The operation was never exposed at the time, and was revealed several years after the last trip had run. The story was told in the documentary film, "The Secret Safari" made in 2001, directed by Tom Zubrycki and produced by David Max Brown and Sally Browning.

== Background ==
The truck was designed by Rodney Wilkinson, who a few years earlier had planted two limpet mines at the Koeberg nuclear power station in South Africa, just a few weeks before he completed his contract there as the after-building designer. The mines were set to explode just before the facility was loaded with nuclear material, and the damage was significant enough to delay facility completion by 18 months at the expense of R 500 million. Rodney was never suspected. While laying low in London after the bombing, he came up with a design for an overland truck that could carry a cache of hidden weapons under the passenger compartment. The design was passed along to ANC leader, Joe Slovo. Slovo was excited by the design and showed it to Mannie Brown, a businessman and ANC exile, who would go on to set up a travel company and recruit reliable drivers.

The overland truck was based on a stock Bedford truck, and was modified at a farm outside London by Rodney's nephew and shipped to Kenya. The tourists were flown to Mombasa from the UK. For the first few trips the tourists were mainly from Europe and America, but it soon became apparent that the most hardy travelers were from New Zealand and Australia, so the Hinterland team quickly began to target their publicity to areas around Earl's Court in London, where there was a high population of Australians.

The drivers were mainly recruited from the British and Dutch Communist parties and were brave young men and women who knew exactly what they were doing, and were about to adequately look after the paying tourists between Kenya and South Africa. Their duties also included collecting the weapons in Lusaka, Zambia and driving the load safely to a camp site near Johannesburg or Cape Town. The most dangerous part of their journey would begin here when the drivers would unload the steel containers of weapons out from the secret compartments in the truck and into smaller passenger vehicles. These would be driven to drop off areas where unidentified operatives of the ANC would collect and further distribute or strategically bury the weapons.
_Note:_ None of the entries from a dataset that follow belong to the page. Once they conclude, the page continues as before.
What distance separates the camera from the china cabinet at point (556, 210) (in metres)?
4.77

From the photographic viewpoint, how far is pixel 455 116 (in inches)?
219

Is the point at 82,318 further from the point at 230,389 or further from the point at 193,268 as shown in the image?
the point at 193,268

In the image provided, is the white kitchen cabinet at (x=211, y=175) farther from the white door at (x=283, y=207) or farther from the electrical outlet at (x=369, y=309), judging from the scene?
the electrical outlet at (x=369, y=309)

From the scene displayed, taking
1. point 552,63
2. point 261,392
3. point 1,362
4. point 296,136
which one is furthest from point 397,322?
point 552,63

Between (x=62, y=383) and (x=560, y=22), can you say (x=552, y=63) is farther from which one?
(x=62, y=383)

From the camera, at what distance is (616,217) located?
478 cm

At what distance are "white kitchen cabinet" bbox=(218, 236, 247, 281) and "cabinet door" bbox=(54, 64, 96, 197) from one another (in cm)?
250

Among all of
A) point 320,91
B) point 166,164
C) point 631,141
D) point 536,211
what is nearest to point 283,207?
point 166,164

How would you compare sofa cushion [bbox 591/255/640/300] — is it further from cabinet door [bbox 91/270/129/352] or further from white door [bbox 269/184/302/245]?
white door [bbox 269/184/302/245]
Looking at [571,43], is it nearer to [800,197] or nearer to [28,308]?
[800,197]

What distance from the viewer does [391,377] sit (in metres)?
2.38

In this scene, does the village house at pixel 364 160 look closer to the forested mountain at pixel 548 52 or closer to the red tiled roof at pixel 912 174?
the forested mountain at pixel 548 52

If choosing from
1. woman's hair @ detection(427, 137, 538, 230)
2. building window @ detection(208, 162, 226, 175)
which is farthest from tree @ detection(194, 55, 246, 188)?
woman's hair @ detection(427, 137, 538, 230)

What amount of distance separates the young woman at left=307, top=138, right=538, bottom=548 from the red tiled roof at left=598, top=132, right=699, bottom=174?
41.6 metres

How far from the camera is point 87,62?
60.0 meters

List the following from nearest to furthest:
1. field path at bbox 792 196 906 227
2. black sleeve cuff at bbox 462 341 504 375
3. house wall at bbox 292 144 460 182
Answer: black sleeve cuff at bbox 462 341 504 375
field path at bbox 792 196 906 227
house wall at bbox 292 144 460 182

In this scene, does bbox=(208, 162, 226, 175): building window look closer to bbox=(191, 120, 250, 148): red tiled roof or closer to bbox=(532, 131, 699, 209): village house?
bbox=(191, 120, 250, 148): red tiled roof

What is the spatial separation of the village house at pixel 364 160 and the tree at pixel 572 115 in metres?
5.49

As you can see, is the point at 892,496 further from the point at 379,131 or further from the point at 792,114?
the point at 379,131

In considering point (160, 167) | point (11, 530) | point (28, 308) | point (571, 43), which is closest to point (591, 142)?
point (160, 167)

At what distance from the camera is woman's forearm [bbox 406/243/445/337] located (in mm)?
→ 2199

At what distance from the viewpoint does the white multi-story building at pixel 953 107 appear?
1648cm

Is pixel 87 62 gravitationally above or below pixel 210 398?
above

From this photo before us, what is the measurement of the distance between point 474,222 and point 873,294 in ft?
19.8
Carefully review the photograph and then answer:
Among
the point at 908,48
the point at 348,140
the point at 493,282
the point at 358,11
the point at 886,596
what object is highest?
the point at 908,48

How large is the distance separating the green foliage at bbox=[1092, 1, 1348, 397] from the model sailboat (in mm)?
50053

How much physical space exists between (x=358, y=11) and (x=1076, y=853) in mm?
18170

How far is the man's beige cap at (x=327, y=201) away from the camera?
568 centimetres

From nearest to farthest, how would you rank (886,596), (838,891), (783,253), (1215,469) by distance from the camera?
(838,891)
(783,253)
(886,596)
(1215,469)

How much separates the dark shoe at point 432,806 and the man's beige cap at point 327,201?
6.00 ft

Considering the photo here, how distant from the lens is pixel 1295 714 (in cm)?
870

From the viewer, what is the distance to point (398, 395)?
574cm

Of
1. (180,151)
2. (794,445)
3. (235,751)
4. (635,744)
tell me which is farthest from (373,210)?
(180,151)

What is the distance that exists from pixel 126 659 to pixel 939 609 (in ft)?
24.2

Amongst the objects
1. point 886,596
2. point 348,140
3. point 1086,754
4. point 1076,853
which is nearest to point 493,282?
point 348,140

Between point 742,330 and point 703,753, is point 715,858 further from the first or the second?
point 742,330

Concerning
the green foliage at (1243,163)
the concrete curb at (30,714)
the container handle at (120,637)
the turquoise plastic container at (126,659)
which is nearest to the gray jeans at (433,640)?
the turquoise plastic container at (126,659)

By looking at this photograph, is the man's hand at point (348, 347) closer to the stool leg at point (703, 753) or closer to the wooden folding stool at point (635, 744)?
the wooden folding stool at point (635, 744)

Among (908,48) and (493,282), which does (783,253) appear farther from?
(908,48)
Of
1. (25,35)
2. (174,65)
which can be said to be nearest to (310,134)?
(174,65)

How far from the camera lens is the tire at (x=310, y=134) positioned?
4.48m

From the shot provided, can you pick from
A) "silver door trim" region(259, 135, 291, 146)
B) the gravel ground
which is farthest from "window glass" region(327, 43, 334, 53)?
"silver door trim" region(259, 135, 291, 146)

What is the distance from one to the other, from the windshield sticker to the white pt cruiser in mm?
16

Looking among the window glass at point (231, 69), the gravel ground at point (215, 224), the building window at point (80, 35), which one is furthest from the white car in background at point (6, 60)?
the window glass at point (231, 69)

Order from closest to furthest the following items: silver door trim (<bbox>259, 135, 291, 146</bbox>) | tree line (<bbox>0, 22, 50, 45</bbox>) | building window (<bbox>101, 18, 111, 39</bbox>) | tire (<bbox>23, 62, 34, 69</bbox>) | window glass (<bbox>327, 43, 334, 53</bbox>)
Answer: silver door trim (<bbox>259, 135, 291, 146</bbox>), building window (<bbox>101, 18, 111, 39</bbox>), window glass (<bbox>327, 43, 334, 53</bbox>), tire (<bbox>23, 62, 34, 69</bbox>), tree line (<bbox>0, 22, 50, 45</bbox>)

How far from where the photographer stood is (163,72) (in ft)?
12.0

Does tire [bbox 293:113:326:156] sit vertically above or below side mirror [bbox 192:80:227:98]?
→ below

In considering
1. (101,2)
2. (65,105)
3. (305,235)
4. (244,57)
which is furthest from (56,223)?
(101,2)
The South African military knew that weapons were leaking into the country and put spies onto all sorts of transport that was crossing the border. Africa Hinterland was no exception, and came to their special attention because it was one of a handful of tour companies that was openly breaking international travel sanctions to South Africa. The South African Security services sent an experienced Australian special forces operative to London to investigate Africa Hinterland. The anonymous approached Africa Hinterland as a civilian, bought his ticket, and traveled on the second of the Africa Hinterland trips in late 1986 or early 1987. Africa Hinterland driver, Stuart Round, suspected he had a spy among his passengers and reported as much to his handlers in the ANC, but the decision was taken to continue as normal. The cover of the tourists was so complete that the South African spy reported that the Africa Hinterland operation was 'clean' and after this close shave, the trips continued smoothly.

Many of the weapons were used as part of the ANC military campaign against the apartheid regime, but significant caches were dug up and handed over to the new government in 1995. A closely guarded secret within the ranks of the ANC until 2001, is the fact that the Africa Hinterland operation continued to operate after Nelson Mandela's release in February 1990, and for three years after his speech in August 1990 when he announced the cessation of the movement of men and arms into South Africa. It would have been under Mandela's command that the Africa Hinterland operation was ordered to continue and relocate in 1990 from the United Kingdom to South Africa. Africa Hinterland opened an office in Johannesburg and ran trips with South African passengers paying for excursions to the Okavango and returning via Bulawayo, where the truck was loaded up with weapons. These trips took two weeks compared to the six week trips from Kenya, and the trips continued until 1993 when it became clear that elections would be held and the fighting between different factions was dying down.

Very few leaders in the ANC knew about the Africa Hinterland operation and the hidden weapons, but those that did know have said that it gave them some bargaining muscle during the negotiations process. Oliver Tambo and others such as Chris Hani and Mac Maharaj had also been planning Operation Vula, which ran until the early 1990s and aimed to also bring weapons and personnel into South Africa.